Outlook: The energy complex is rebounding this morning with crude and products up on the day. The market has been flooded this week with fresh market drivers and is likely trying to find firm footing. Monthly reports were released by the EIA, IEA, and OPEC+ over the last 24 hours. OPEC+ left its demand forecasts unchanged while the EIA and IEA shifted growth out of 2024 and back into 2023. There remains a consensus that inventories will fall under pressure through the end of the year with demand outpacing supply. OPEC+ cuts are the primary driver of the deficit and the IEA sees their production at 540,000 bpd below current quotas. On the US fundamental front, the API posted a larger-than-expected crude build of 12.9 million barrels yesterday afternoon. Their survey also included a significant build in gasoline inventories which could indicate another week of softer demand. Bearish pressure could develop if the EIA confirms similar figures at 10:00 a.m. CT.

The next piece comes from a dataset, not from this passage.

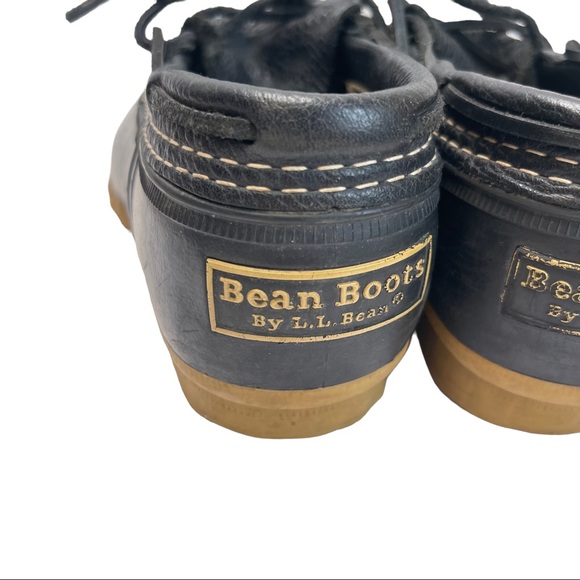LL Bean Black Duck Boots Low Side Waterproof Size 6 - Picture 10 of 14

- US Treasury Secretary Janet Yellen said the US has not ruled out further oil sanctions against Iran.
- OPEC oil production rose by 273,000 bpd to 27.75 mbpd in September.

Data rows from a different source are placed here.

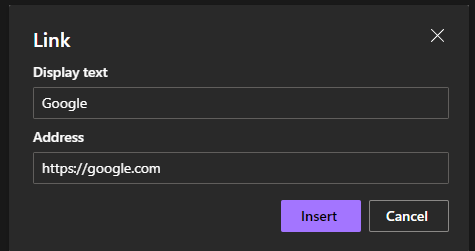 Adding a link to your text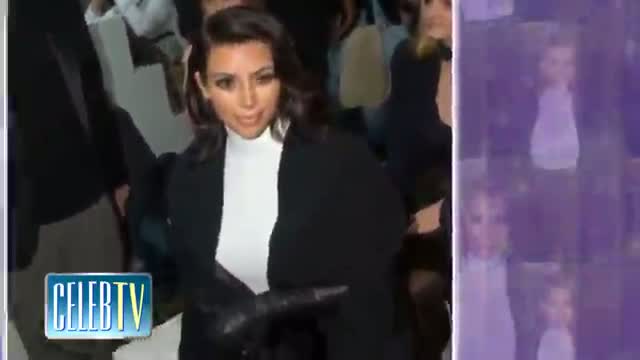 Watch KIM KARDASHIAN Debuts Baby Bump Video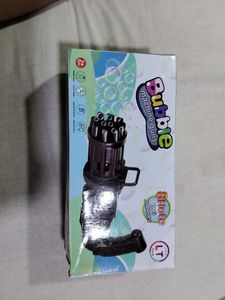 Pink Bubble Gun Toy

- OPEC+ left their oil demand growth forecasts unchanged at 2.44 mbpd for 2023 and 2.25 mbpd for 2024.
- The IEA cut its 2024 oil demand forecast by 120,000 bpd to 880,000 bpd while raising its 2023 demand forecast by 100,000 bpd to 2.3 mbpd.
- The IEA sees OPEC+ production 540,000 bpd short of their 36.92 mbpd quota.

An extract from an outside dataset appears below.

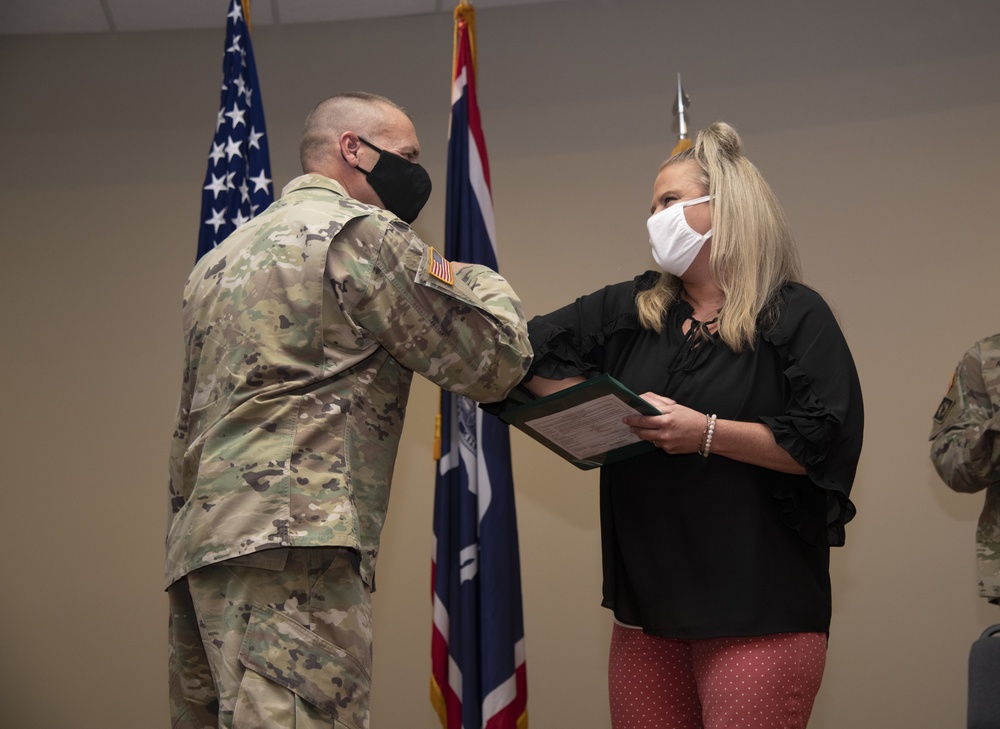 Wyoming Military Department employees earn awards for their service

- The API reported crude stocks rose by 12.9 million barrels last week.
- Reuters estimates crude stocks rose by 500,000 barrels last week.
- The EIA will report inventories at 10:00 am CT.
- The Fed minutes yesterday showed support for interest remaining higher for longer.
- US CPI was reported at 3.7% vs 3.6% est.
- As of 7:48 am CST: Brent crude oil up $1.54 to $87.36, US dollar index up $0.176 to 105.996 while the nearby e-mini S&P 500 futures contract is up 10.25 to 4402.00.
- Reuters estimates diesel stocks fell by 800,000 barrels last week.
- The API survey showed diesel stocks fell by 3.5 million barrels last week.
- Reuters estimates gasoline stocks fell by 800,000 barrels last week.
- The API survey showed gasoline stocks for by 3.6 million barrels last week.
- Conway is trading at .6600 while Belvieu is trading at .6850.
- Conway Swap Oct24-Mar25 trading ~74.375c.
- Spot Conway is trading at 33% of WTI.
- The US is exporting 75% of production as of 9/29/23.
- OPIS estimates crude stocks rose by 543,000 barrels last week.
- Overnight weather runs removed 5 HDDs through the two-week forecast.
- Dutch TTF is up 12% today and 32% on the week.
- The EIA released its Winter Fuels Outlook yesterday with expectations for a warmer winter and lower household spending.
- Reuters estimates nat gas inventories rose between 77-93 Bcf last week.
Continuous Weekly WTI: WTI is finding resistance at its 100-week moving average. A close above to end the week would be good news for the bulls.